[Start of Attachment]

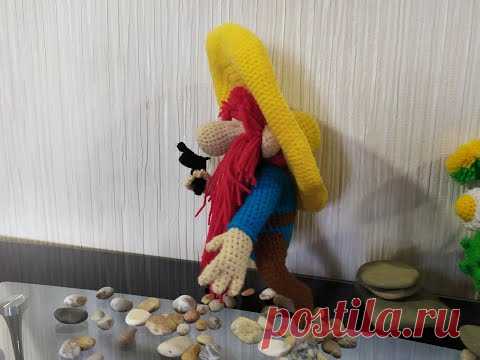 Йоземит Сэм из "Луни тюнз", ч.3. Yosemite Sam from Looney Tunes, р.3. Amigurumi. Crochet.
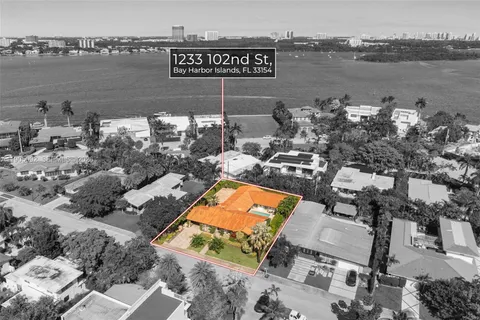 $6,000,000 | 1233 102nd Street, Bay Harbor Islands, FL 33154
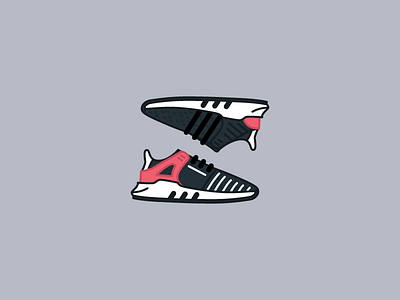 Adidas EQT 93-17 9317 adidas eqt illustration shoe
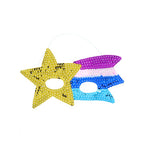 Pink Blue Shooting Star Mask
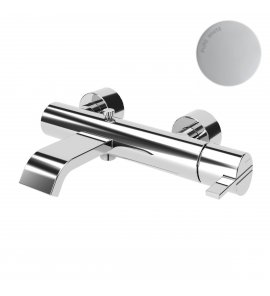 Bruma Breeze Bateria wannowo-natryskowa ścienna Pure White 1680301PW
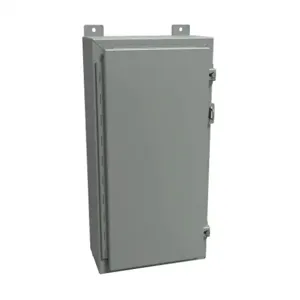 HAMMOND 1418AR6 Enclosure, 24 x 12 x 6 Inch Size, Wall Mount, Carbon Steel, Ansi 61 Gray | CV7JFH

[End of Attachment]

■ What is being asked:
From the line containing "Islands, FL 33154" down to the last line of the entries above, set down every line exactly. Omit all pictures.

■ Answer section:
 $6,000,000 | 1233 102nd Street, Bay Harbor Islands, FL 33154
 Adidas EQT 93-17 9317 adidas eqt illustration shoe
 Pink Blue Shooting Star Mask
 Bruma Breeze Bateria wannowo-natryskowa ścienna Pure White 1680301PW
 HAMMOND 1418AR6 Enclosure, 24 x 12 x 6 Inch Size, Wall Mount, Carbon Steel, Ansi 61 Gray | CV7JFH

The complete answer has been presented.